Files `tracking_gameId_[gameId].csv` contains player tracking data from game `[gameId]`. Nearly all plays from `[gameId]` are included; certain plays with insufficient data are dropped.

-   `time`: Time stamp of play (time, yyyy-mm-dd, hh:mm:ss)
-   `x`: Player position along the long axis of the field, 0 - 120 yards. See Figure 1 below. (numeric)
-   `y`: Player position along the short axis of the field, 0 - 53.3 yards. See Figure 1 below. (numeric)
-   `s`: Speed in yards/second (numeric)
-   `dis`: Distance traveled from prior time point, in yards (numeric)
-   `dir`: Angle of player motion (deg), 0 - 360 degrees (numeric)
-   `event`: Tagged play details, including moment of ball snap, pass release, pass catch, tackle, etc (text)
-   **`nflId`**: Player identification number, unique across players (numeric)

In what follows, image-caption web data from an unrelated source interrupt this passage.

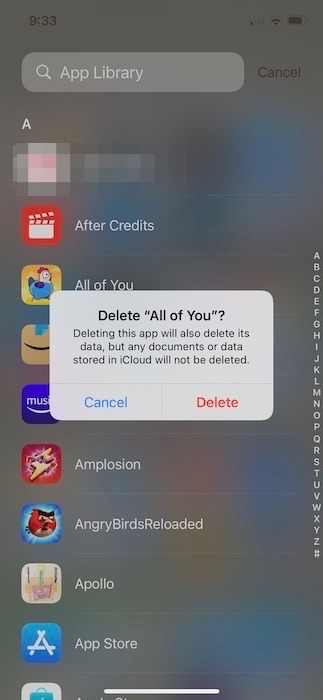 Delete Hidden Apps Iphone App Library Double Delete 1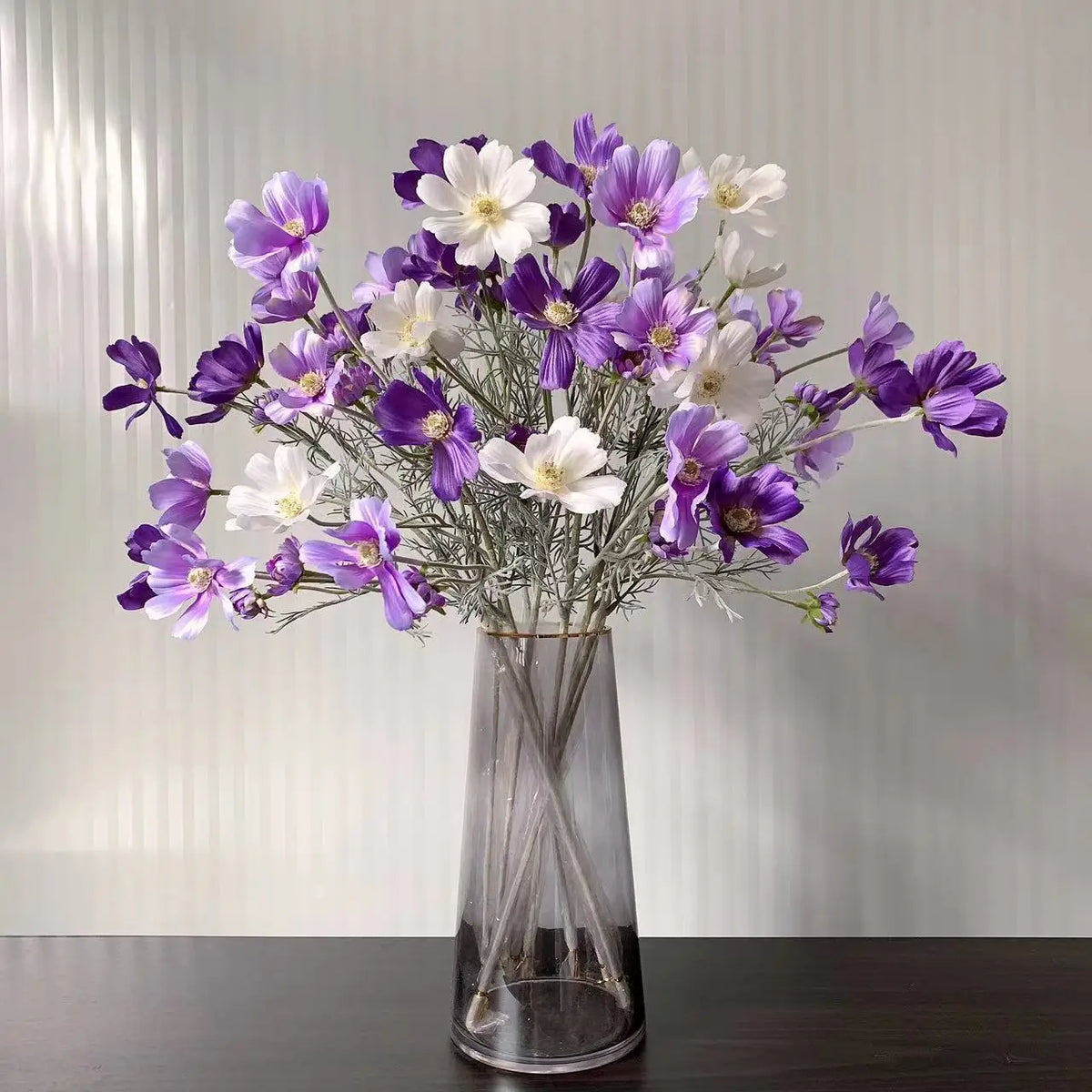 Artificial daisy flowers decoration for wedding, Christmas and New Year - vue 5 sur 24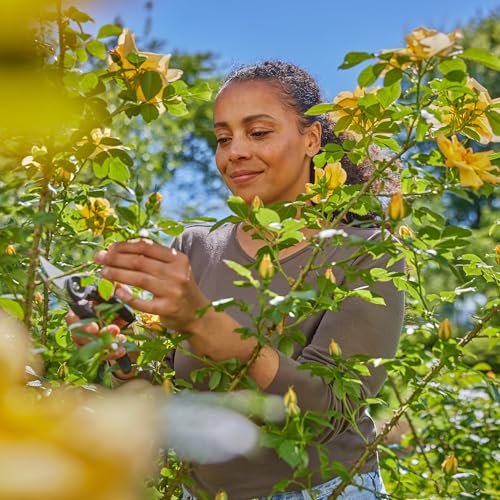 Thumbnail 8 de Gardena PremiumCut Flex Gartenschere – Bypass-Schnitt, 24 mm, ergonomische Griffe, PowerCoating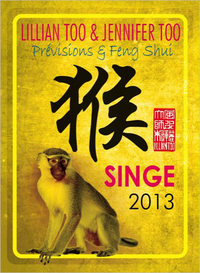 Singe 2013 - Prévisions & Feng Shui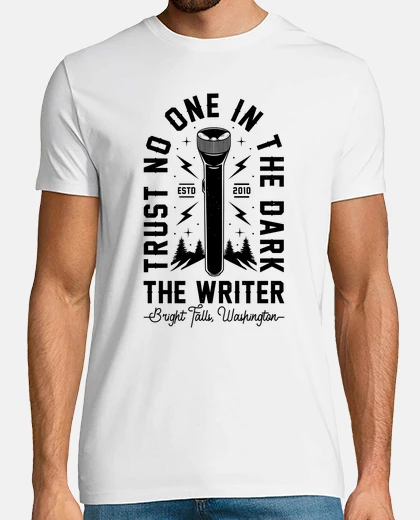 Camiseta Trust no one in the Dark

-   `displayName`: Player name (text)
-   `jerseyNumber`: Jersey number of player (numeric)
-   `team`: Team (away or home) of corresponding player (text)
-   `frame.id`: Frame identifier for each play, starting at 1 (numeric)
-   **`gameId`**: Game identifier, unique (numeric)
-   **`playId`**: Play identifier, not unique across games (numeric)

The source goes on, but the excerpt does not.